Michael houses a passion for tech, and showcases it in his work, giving Astronaut the direction to merge both disciplines into a new way of creating marketing solutions!
You can’t wait to hear his insights, right?! Well let’s crack on then!
About Social Media In General
1. Which is your favourite social media platform?
Living and working in China, my favourite is of course WeChat. It’s a lot more than a social platform – it’s part of people’s lives. A good friend of mine just recently discovered that he did not have his wallet with him for the past three days. He thought it was in his bag but because he does every(!) payment with WeChat, he wasn’t aware of it. Anything from taxi rides, to buying milk. Also, if you want to send something to a friend – a message, money, a voice snippet, films – it’s all done with this app. Brands use it as promotion tool to communicate with their customers, as an offline interaction tool (it supports iBeacons) and a lot more. It has developed into something which reaches into people’s daily lives in a way WhatsApp and Facebook can only dream about.
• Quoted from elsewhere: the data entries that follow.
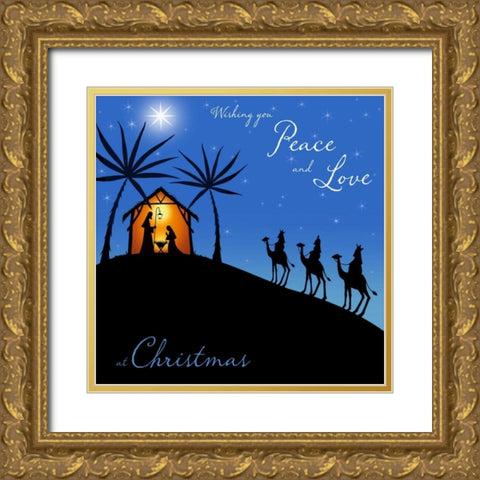 Wishing You Peace - Wisemen Gold Ornate Wood Framed Art Print with Double Matting by P.S. Art Studios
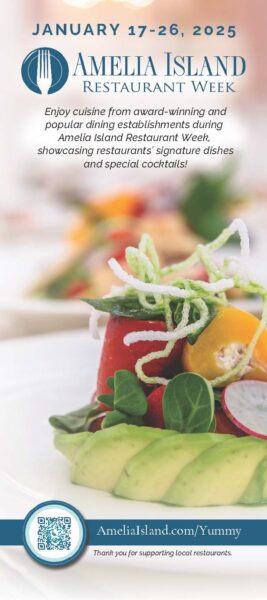 A promotional flyer for Amelia Island Restaurant Week, January 17–26, 2025, featuring a close-up of a gourmet dish with avocado, radish, and microgreens. Website and QR code are included at the bottom.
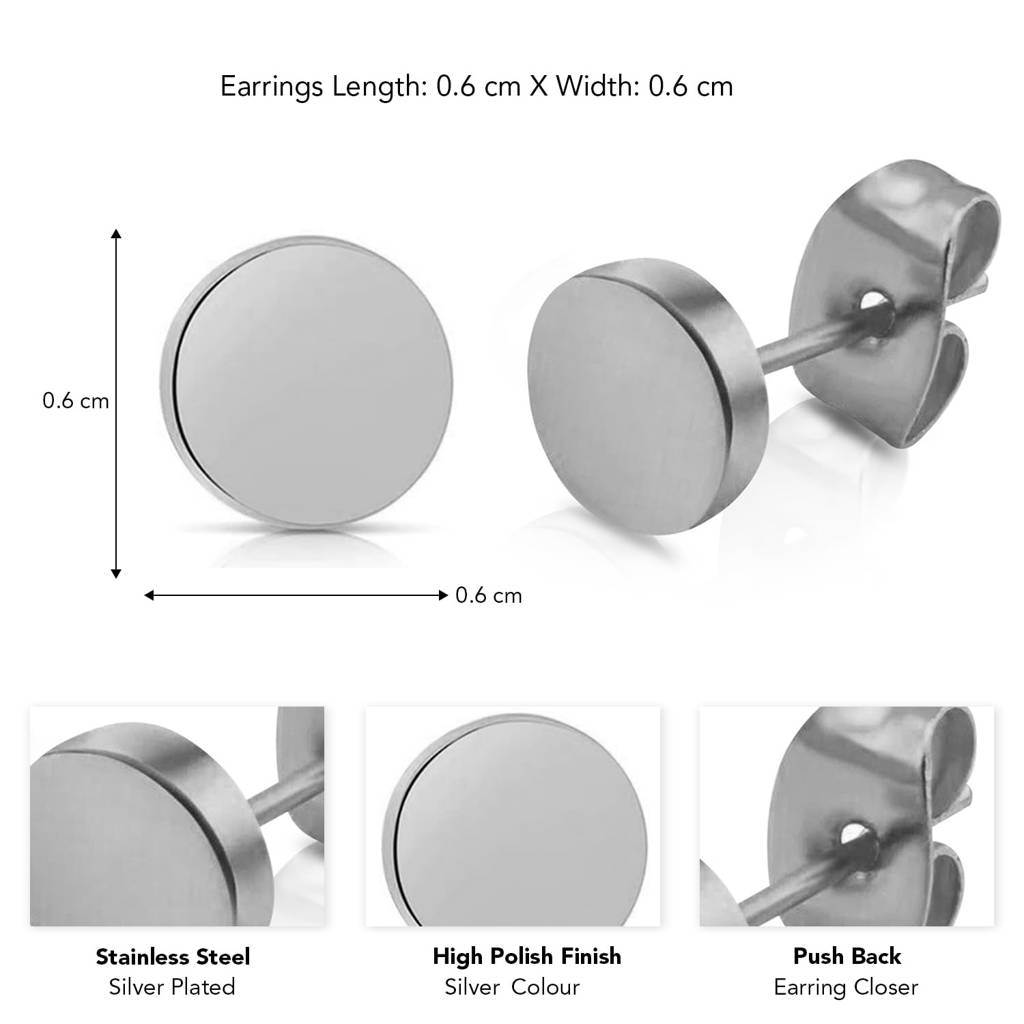 Silver Plated Stainless Steel Round Stud Earrings Fancy Jewellery For Men & Boys| : PX9ME08S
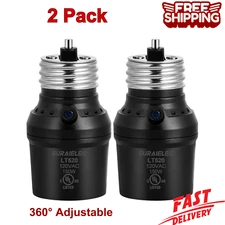 2 Pack Automatic Dusk to Dawn Light Socket, Light Sensor Socket, 360° Rotation
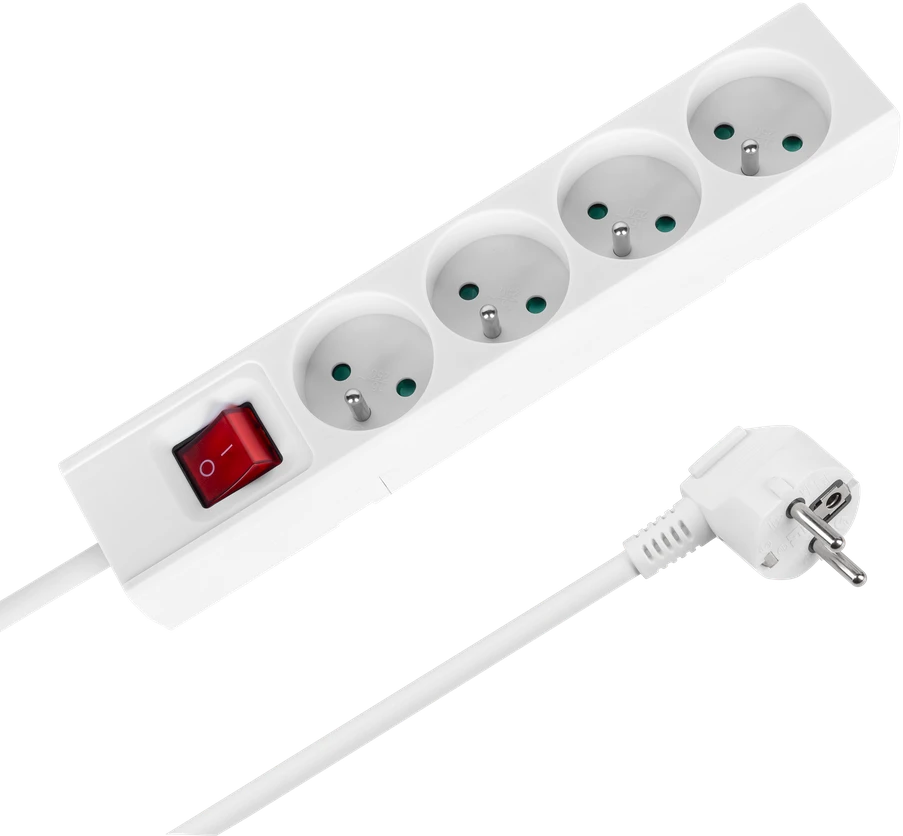Przedłużacz Prailgintuvas, 4 lizdai, 2 m, prancūziško tipo, su jungikliu (3x1,5 mm), Rebel baltas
2. Which social platform is used most by your brand/agency?
3. In your opinion, what is the future of social media, and which platforms do you think will lead the way?
I think there needs be a split between peer-to-peer communication and brand-to-customer communication. There is no point for social platforms to want to make money from brands while keeping the environment not too attractive for brands, because they don’t want to disturb users. Real brand communication platforms would be a lot better. Customers and brands would be better off that way – it doesn’t exist yet, but maybe an entrepreneur is reading this.
About Great Social Media Campaigns
4. Please tell us about the one social media campaign you liked the most this year.
I liked the video for Dianping (a peer-to-peer recommendation app in China)! It was a spoof product demonstration video that showed an app called App Mixer. The demonstration showed that users could drag and drop their favourite apps into App Mixer to create a new hybrid app. People first thought it was real, and watched it millions of times in just a few hours.
5. What about the latest campaign your brand or agency was involved in?
We’ve done an innovative campaign for Star Alliance in China, where participants could show appreciation to peers, family members or business colleagues who have achieved something outstanding. The campaign was called ‘You make a difference’, as often people who have achieved something (quite often though hard work) are influencing the people around them positively. The campaign created a stream of honest and touching messages where people showed the sort of appreciation which often is not voiced at all.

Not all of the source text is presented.